How to Add a New Model in MindOCR

  1. Decompose the model into 3 (or 2) modules: backbone, (neck,) head. Neck is usually not involved in recognition tasks.

  2. For each module:

    a. if it is implemented in MindOCR, skip since you can get the module by the build_{module} function .

    b. if not, please implement it and follow the module format guideline

  3. Define your model in two ways

    a. Write a model py file, which includes the model class and specification functions. Please follow the model format guideline. It is to allows users to invoke a pre-defined model easily, such as model = build_model('dbnet_resnet50', pretrained=True) .
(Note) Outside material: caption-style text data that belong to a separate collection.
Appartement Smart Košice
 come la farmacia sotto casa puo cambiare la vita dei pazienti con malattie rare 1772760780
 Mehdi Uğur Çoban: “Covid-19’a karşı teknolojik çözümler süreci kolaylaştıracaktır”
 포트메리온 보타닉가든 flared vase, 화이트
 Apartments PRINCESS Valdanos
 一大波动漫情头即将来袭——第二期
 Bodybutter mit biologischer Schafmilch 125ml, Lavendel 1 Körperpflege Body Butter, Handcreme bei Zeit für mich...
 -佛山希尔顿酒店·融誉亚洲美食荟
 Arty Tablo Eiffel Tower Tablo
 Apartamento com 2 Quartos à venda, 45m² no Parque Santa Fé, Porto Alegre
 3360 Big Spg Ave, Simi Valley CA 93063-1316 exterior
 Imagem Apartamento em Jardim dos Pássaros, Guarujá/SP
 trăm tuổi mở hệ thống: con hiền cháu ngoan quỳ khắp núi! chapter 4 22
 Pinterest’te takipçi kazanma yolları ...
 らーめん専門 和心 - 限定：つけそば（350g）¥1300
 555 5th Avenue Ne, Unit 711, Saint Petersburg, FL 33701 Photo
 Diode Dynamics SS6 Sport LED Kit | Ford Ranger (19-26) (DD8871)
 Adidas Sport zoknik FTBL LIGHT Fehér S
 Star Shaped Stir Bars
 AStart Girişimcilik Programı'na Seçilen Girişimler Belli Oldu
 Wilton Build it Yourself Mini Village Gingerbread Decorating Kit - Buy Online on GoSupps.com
    b. Config the architecture in a yaml file. Please follow the yaml format guideline . It is to allows users to modify a base architecture quickly in yaml file.

  4. To verify the correctness of the written model, please add your yaml config file path in test_models.py, modify the main function to build the desired model, and then run test_models.py

python tests/ut/test_models.py --config /path/to/yaml_config_file

Format Guideline for Writing a New Module

Backbone

  • File naming format: models/backbones/{task}_{backbone}.py, e.g, det_resnet.py (since the same backbone for det and rec may differ, the task prefix is necessary)
  • Class naming format: {Task}{BackboneName}{Variant} e.g. class DetResNet
  • Class __init__ args: no limitation, define by model need.
  • Class attributes: MUST contain out_channels (List), to describe channels of each output features. e.g. self.out_channels=[256, 512, 1024, 2048]
  • Class construct args: x (Tensor)
  • Class construct return: features (List[Tensor]) for features extracted from different layers in the backbone, feature dim order [bs, channels, …]. Expect shape of each feature: [bs, channels, H, W]

Neck

  • File naming format: models/necks/{neck_name}.py, e.g, fpn.py
  • Class naming format: {NeckName} e.g. class FPN
  • Class __init__ args: MUST contain in_channels param as the first position, e.g. __init__(self, in_channels, out_channels=256, **kwargs).
  • Class attributes: MUST contain out_channels attribute, to describe channel of the output feature. e.g. self.out_channels=256
  • Class construct args: features (List(Tensor))
  • Class construct return: feature (Tensor) for output feature, feature dim order [bs, channels, …]
  • File naming: models/heads/{head_name}.py, e.g., dbhead.py
  • Class naming: {HeadName} e.g. class DBHead
  • Class __init__ args: MUST contain in_channels param as the first position, e.g. __init__(self, in_channels, out_channels=2, **kwargs).
  • Class construct args: feature (Tensor), extra_input (Optional[Tensor]). The extra_input tensor is only applicable for head that needs recurrent input (e.g., Attention head), or heads with multiple inputs.
  • Class construct return: prediction (Union(Tensor, Tuple[Tensor])). If there is only one output, return Tensor. If there are multiple outputs, return Tuple of Tensor, e.g., return output1, output2, output_N. Note that the order should match the loss function or the postprocess function.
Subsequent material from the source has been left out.